The series impeccably captured the quintessence
of the aspirational travel brochure lifestyle that
people were enticed into- lots of time for coffee, 

gossip and peccadilloes. Nothing heavy or ugly or
weird or disturbing was ever discussed.
It offered a parallel Universe in which the viewers could vicariously enjoy a world surrounded by these ever so cute, sparky twenty somethings who were somehow always lovingly quirky friends. One could move to the big city but, rather than be alone in a rickety bed with no money living on cup noodles, as would be the reality, be surrounded by reassuring mates and live in a great flat and still have enough money to shop at The Gap every week and spend a fortune on haircuts despite working as a waitress. It was very far-fetched 20 years ago, but would seem woefully out of touch with reality if it was made today and it reinforced the fantasy for an entire generation (and seemingly the next generation too) it seems; who though single life in the big city would be just like Friends.

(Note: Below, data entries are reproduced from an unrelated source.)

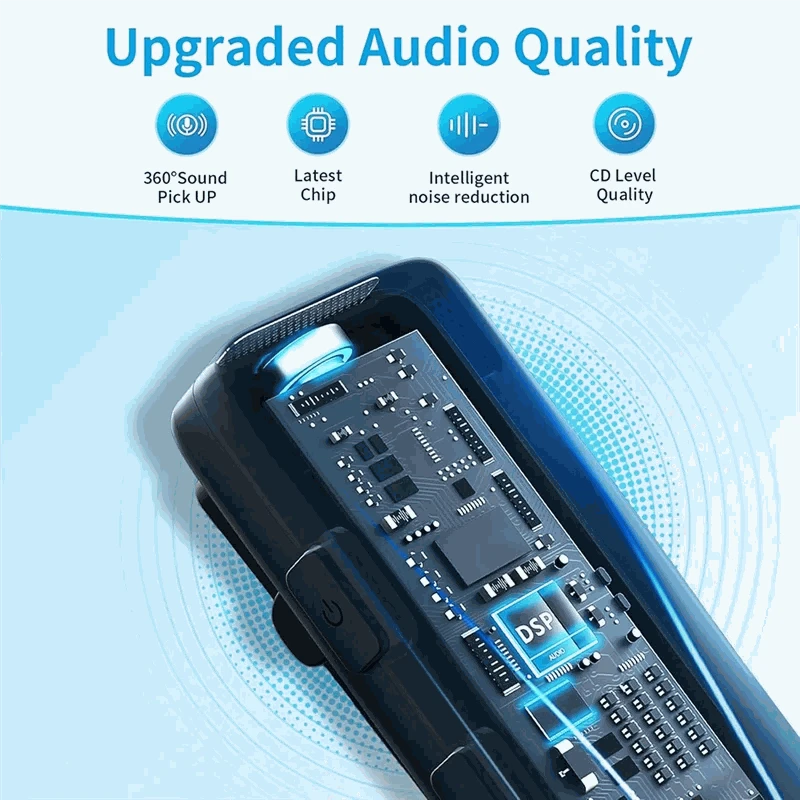 ELECT-Clip On Phone Microphone Mini Wireless Lapel Lavalier Microphone Noise-Canceling USB C Microphone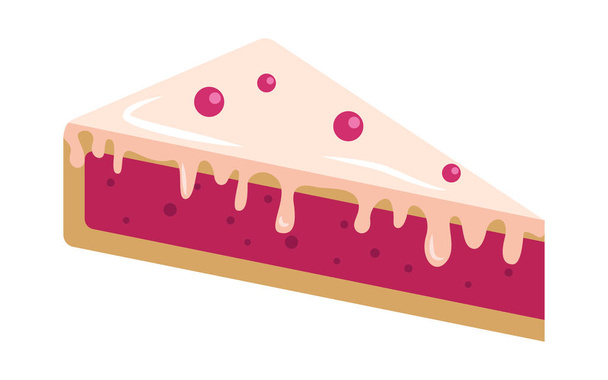 Piece of berry pie with milk frosting, decorated with topping - Διάνυσμα, εικόνα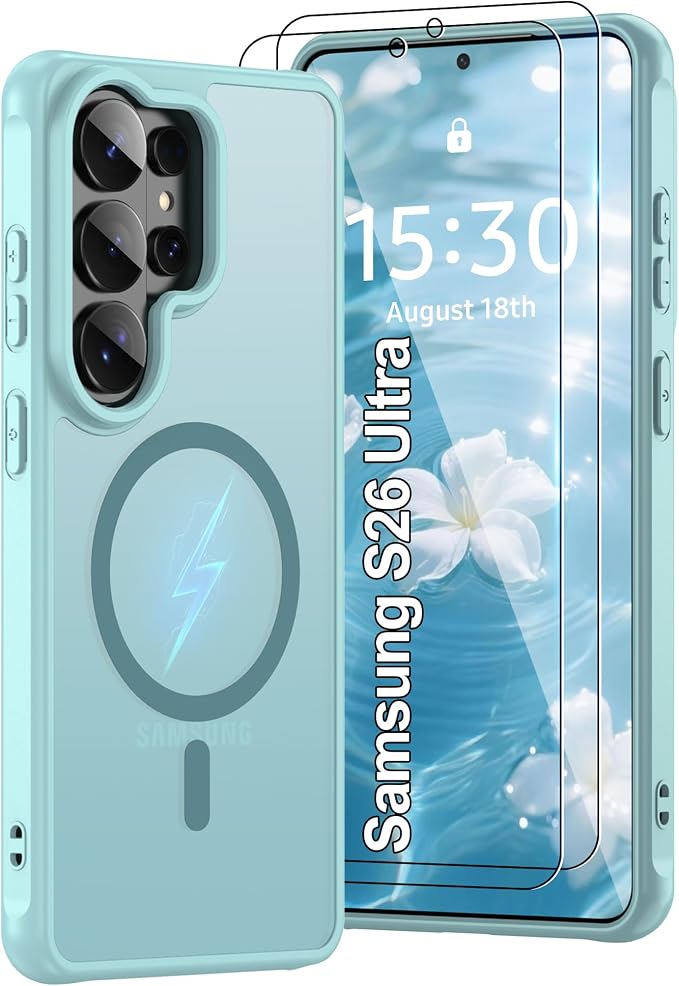 for Samsung Galaxy S26 Ultra Phone Case: S26 Ultra Case [Mag-Safe Fit] with 2PC HD Screen Protector,Frosted Translucent S26 Ultra Case Soft-Touch Skin Protection for Galaxy S26 Ultra Cover,Mint Greenn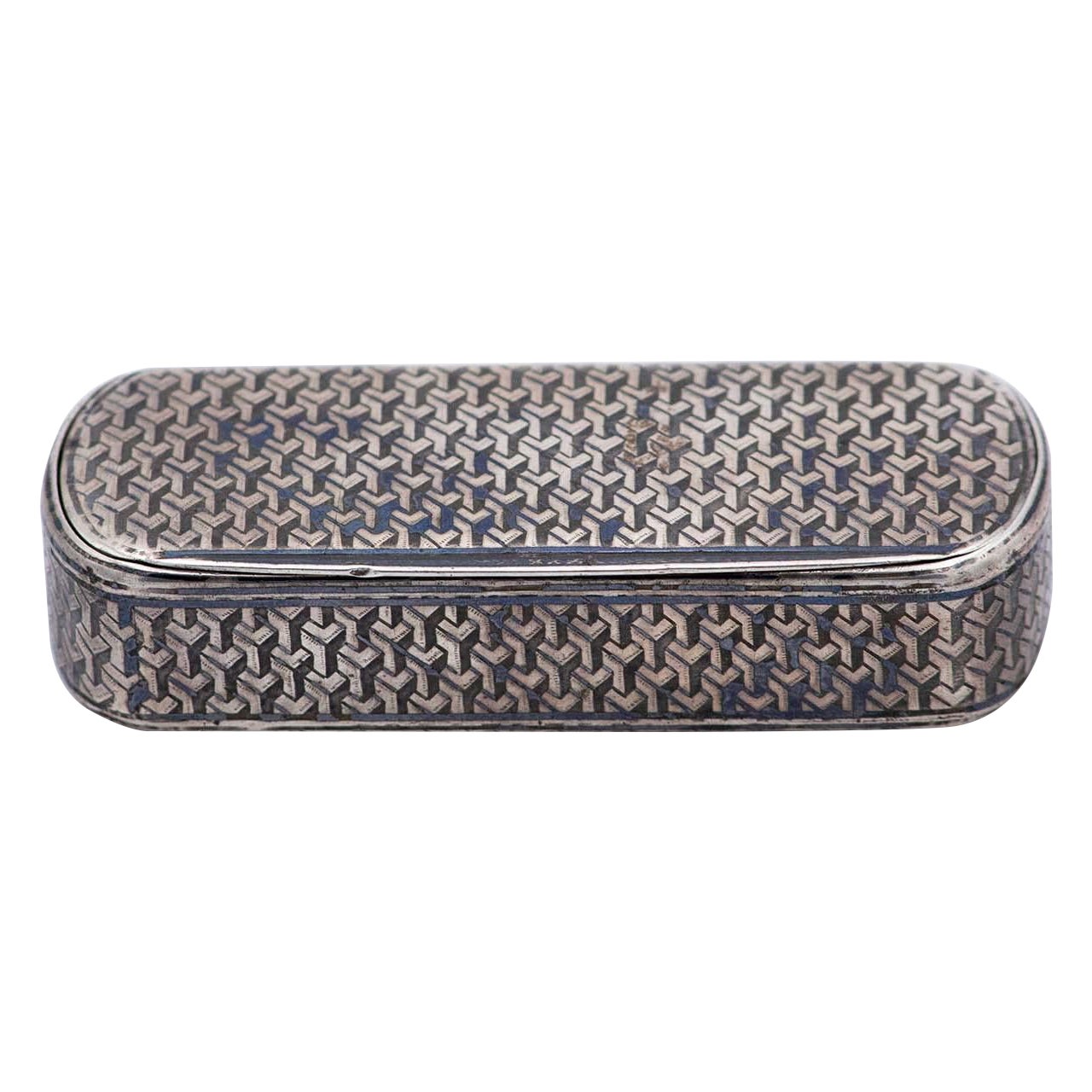 Elliptical shaped nickel silver snuff box For Sale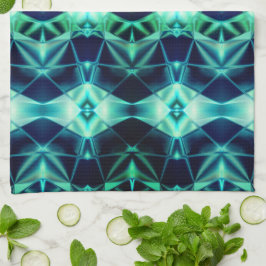 Akryla stil med blå grönt, nyonspeglingsformer kökshandduk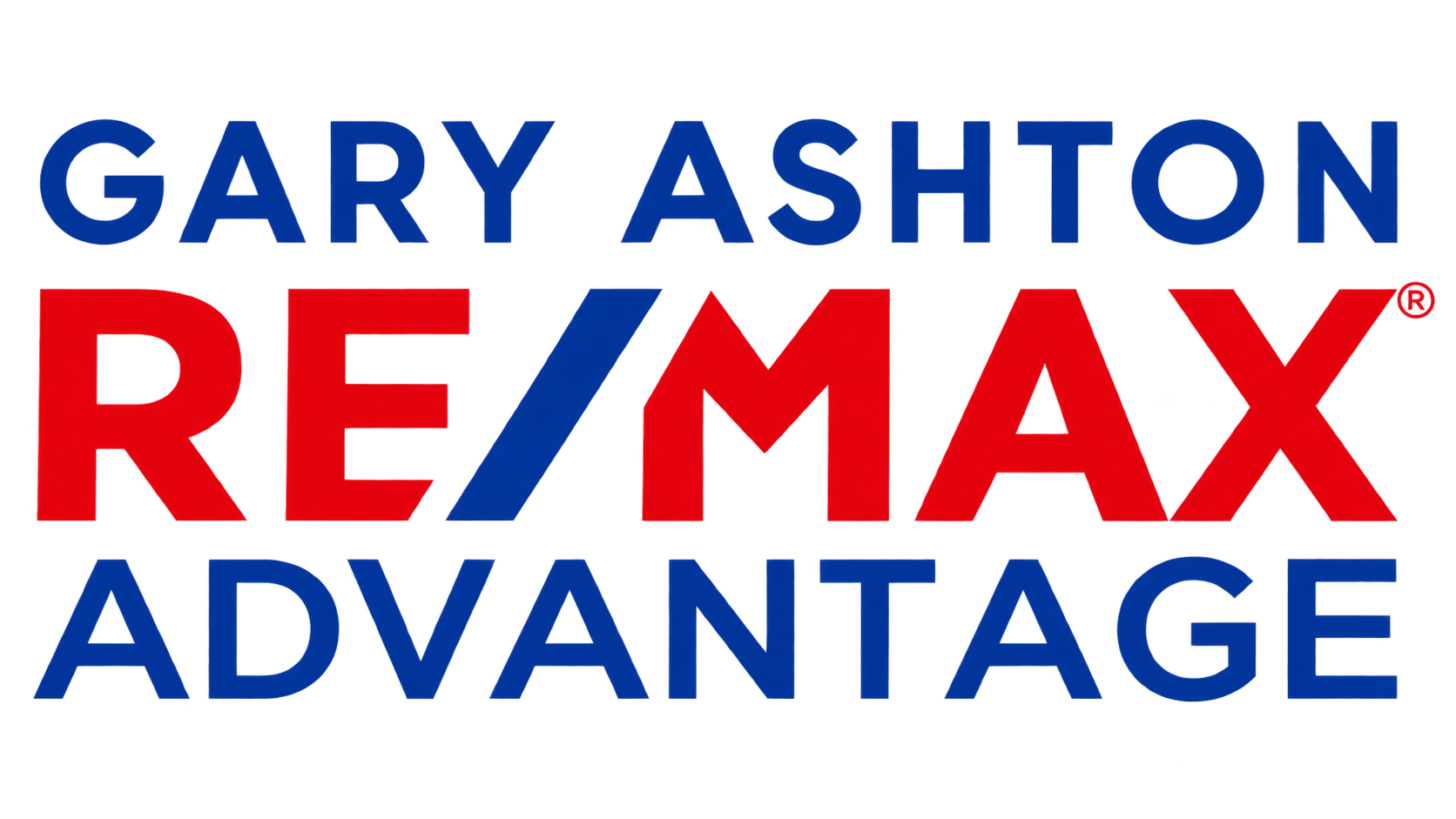 Relampague logo with text 'Gary Ashton Real Advantage' in red and blue 3D letters.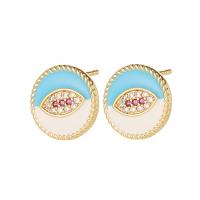 Cubic Zirconia Micro Pave Brass Earring gold color plated micro pave cubic zirconia & for woman & enamel Sold By Pair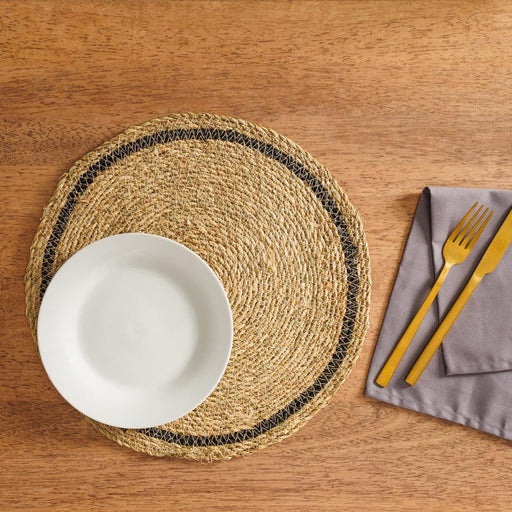 Home.Life Round Seagrass Placemat Natural and Black-Placemats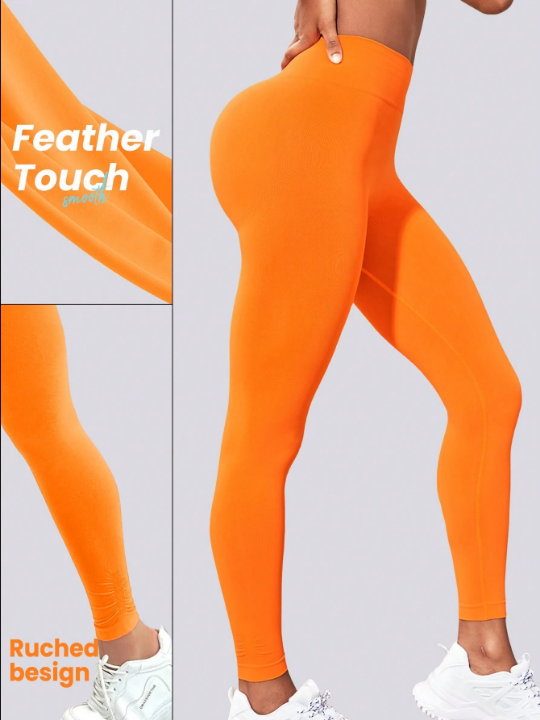 Leisure Solid Color Wide-Waist Sport Leggings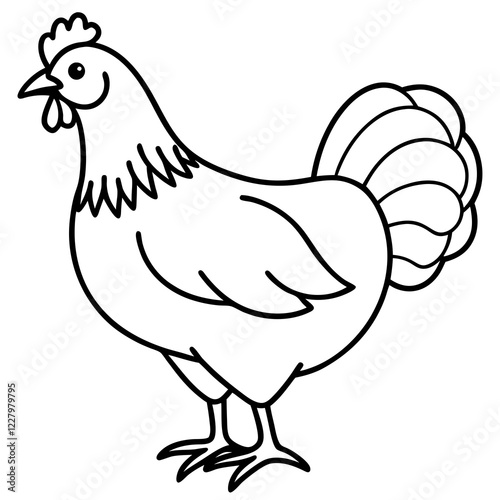 Cute Chicken Line Art Silhouette Black Vector Carton Illustration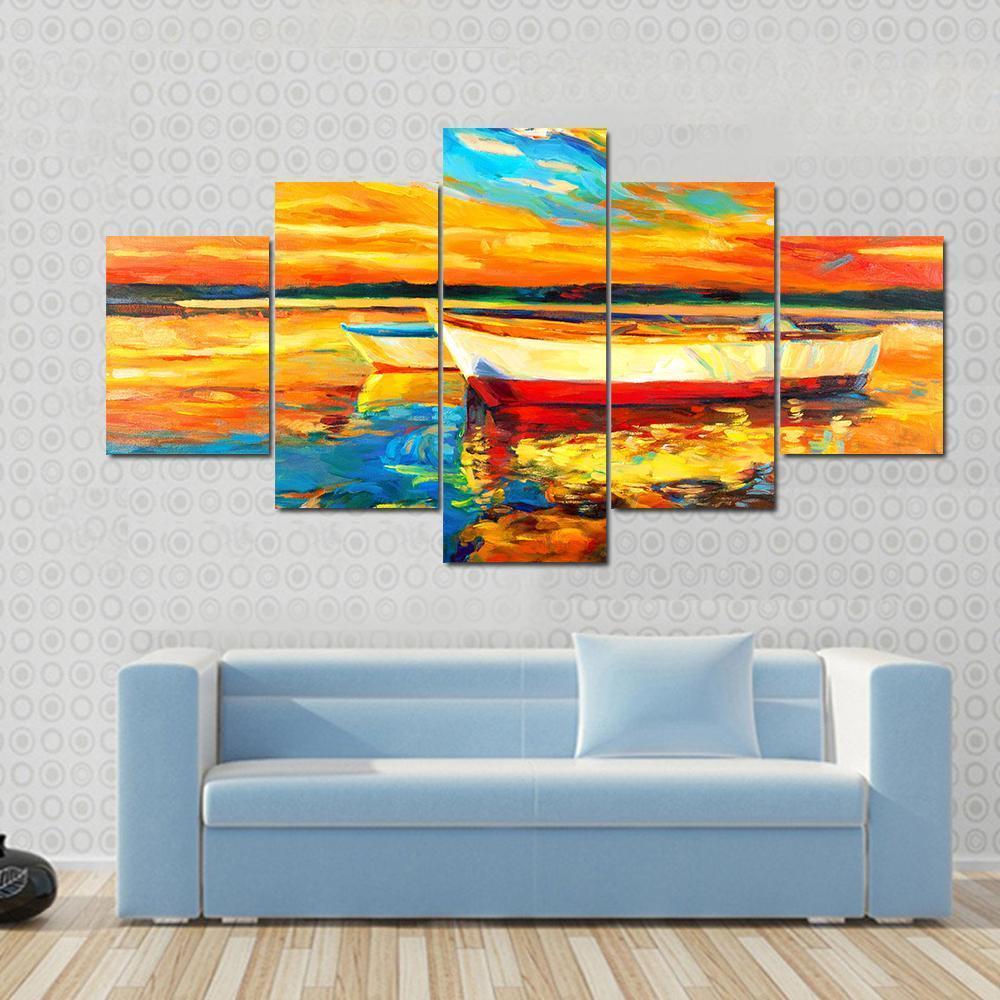 Boat &amp; Sea Abstract Canvas Wall Art-5 Star-Gallery Wrap-62" x 32"-Tiaracle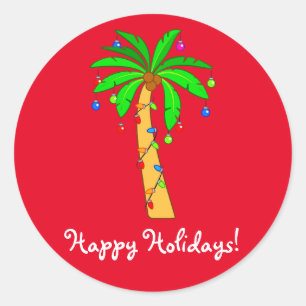 Pegatina Redonda Palmera adornada para el navidad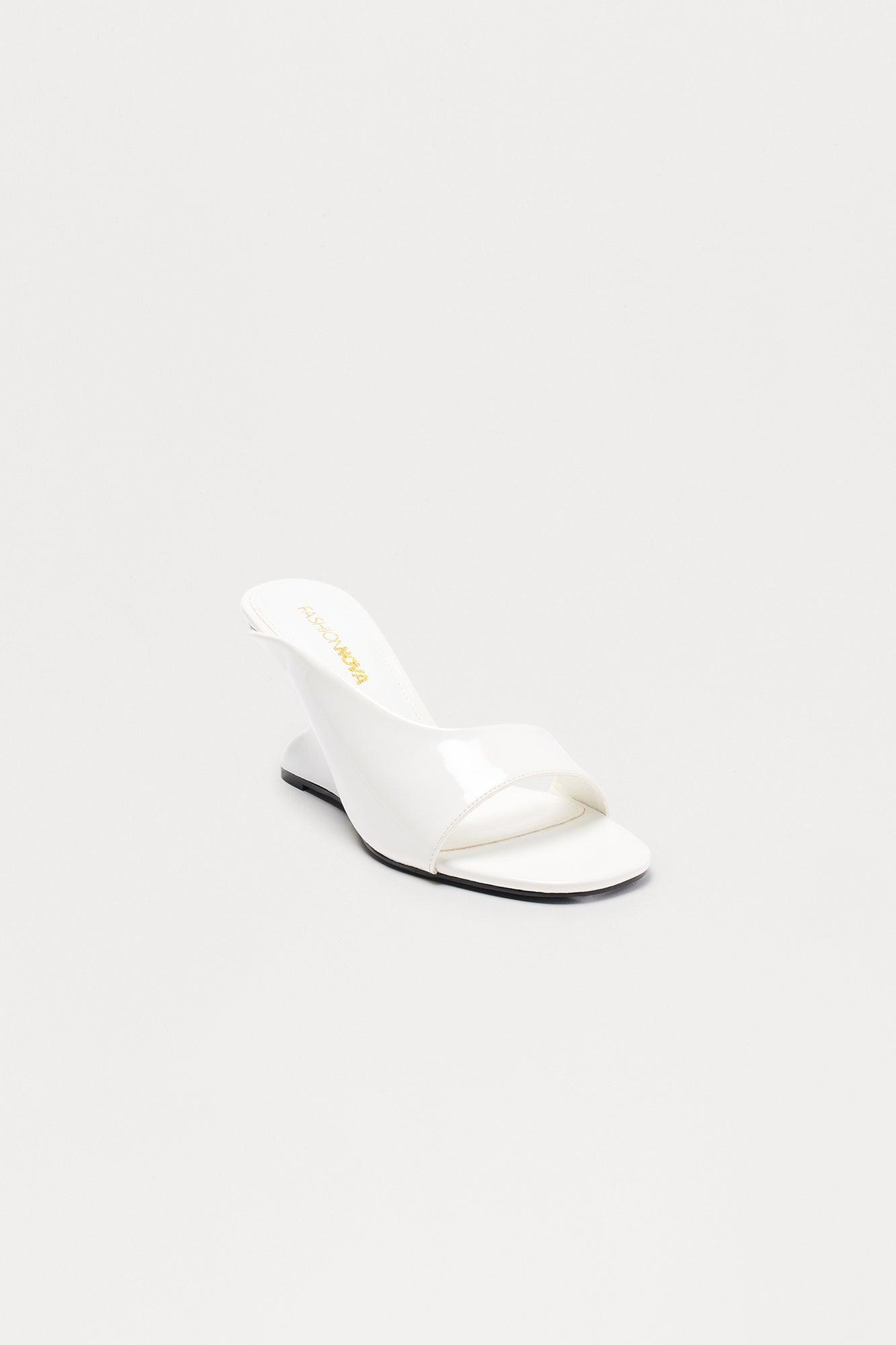 Curve Faux Patent Wedges - White Female Product Image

In hindsight, the real legacy of Friends is all these people who start their orders in coffee shops with the words "Can I get a coffee?” I still blame Friends mainly for the start of conversations using puerile derision as a standard mode of communication and for that daft way of narrating just a statement but making it sound like a question called... upspeak? Also, I'm absolutely certain the usage of “Oh... my... God” (said as cringingly as possible) spiked due to the series.

And yet it's because of Friends every other high street shop around the globe is now a coffee shop. The spawning of them happened around the same time as Friends hit and it's hard not to see a correlation. Now every superficial-boisterous yuppie spends their time quaffing tepid and sub-par brew in Costabucks.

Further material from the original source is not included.